* [Given material]:
┌──
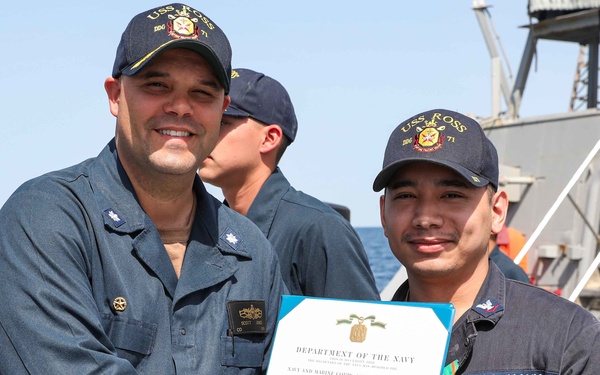 USS Ross Sailors receive Navy and Marine Corps Achievement Medals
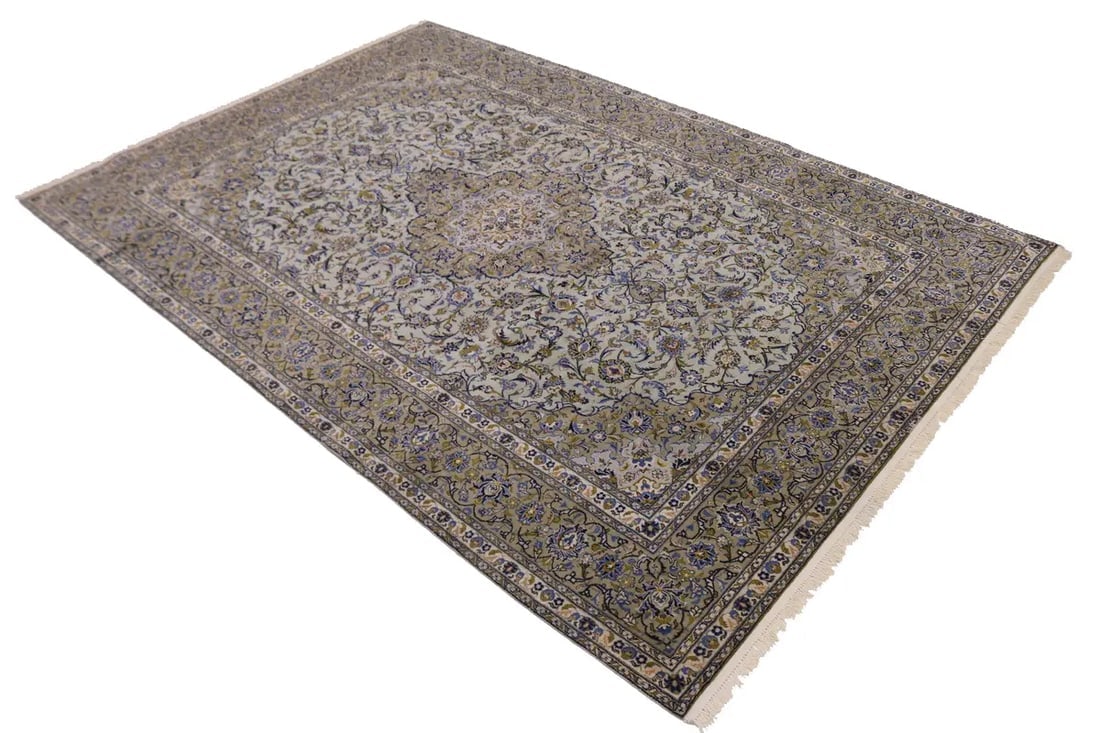 Semi Antique Sage Green Traditional 9X13 Kashan Persian Rug - 4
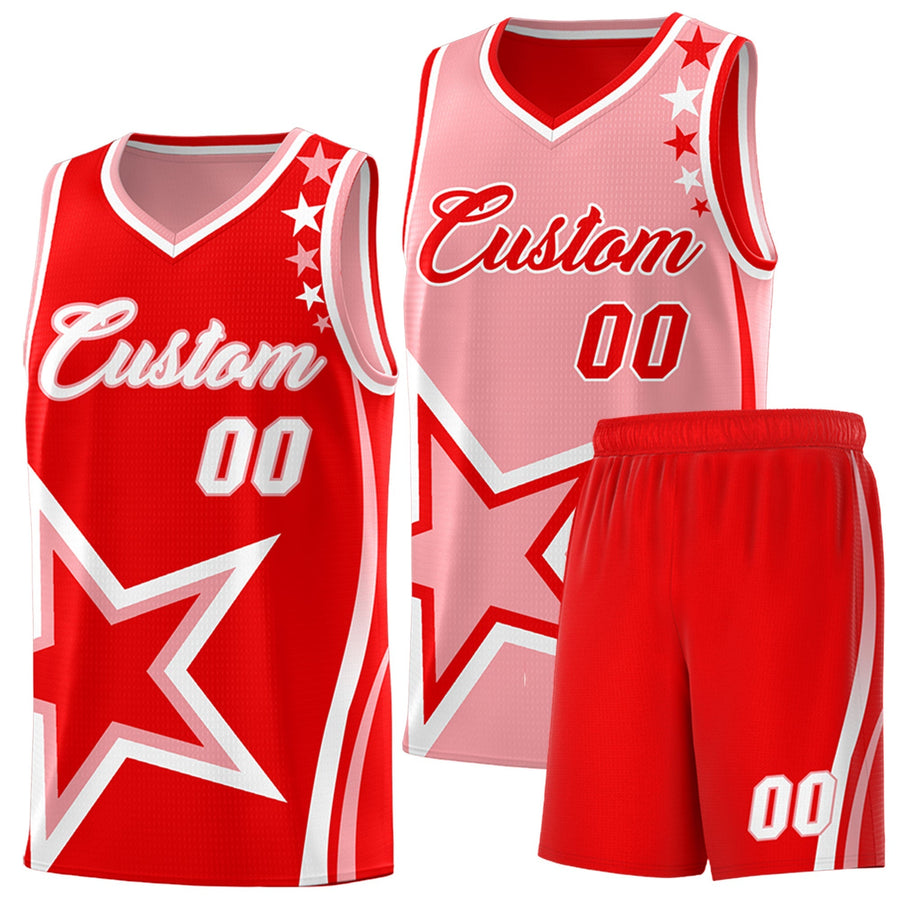 Custom Light Red Light Pink White Star Series Reversible Sets Basketball Jersey | BuyFootballJersey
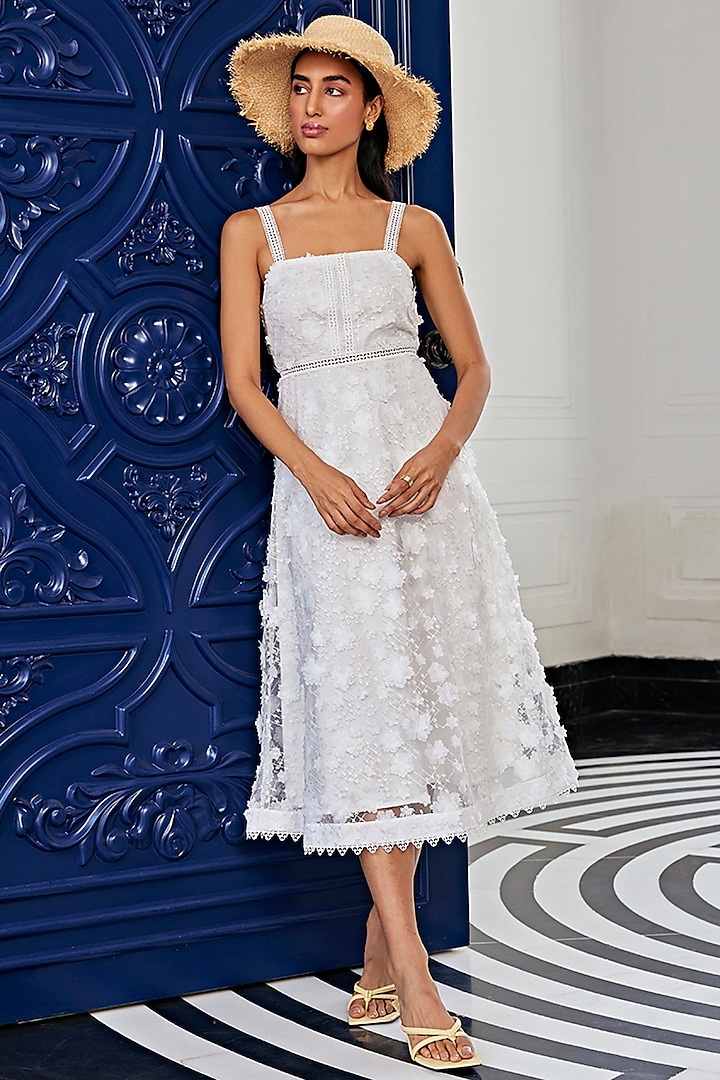 Off-White Mesh 3D Floral Embellished Midi Vacation Dress by Kay Kay at Pernia's Pop Up Shop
└──
* [Exercise aim]: The expected answer is the full listing above, transcribed exactly and without pictures.

* [Task response]:
 USS Ross Sailors receive Navy and Marine Corps Achievement Medals
 Semi Antique Sage Green Traditional 9X13 Kashan Persian Rug - 4
 Custom Light Red Light Pink White Star Series Reversible Sets Basketball Jersey | BuyFootballJersey
 Off-White Mesh 3D Floral Embellished Midi Vacation Dress by Kay Kay at Pernia's Pop Up Shop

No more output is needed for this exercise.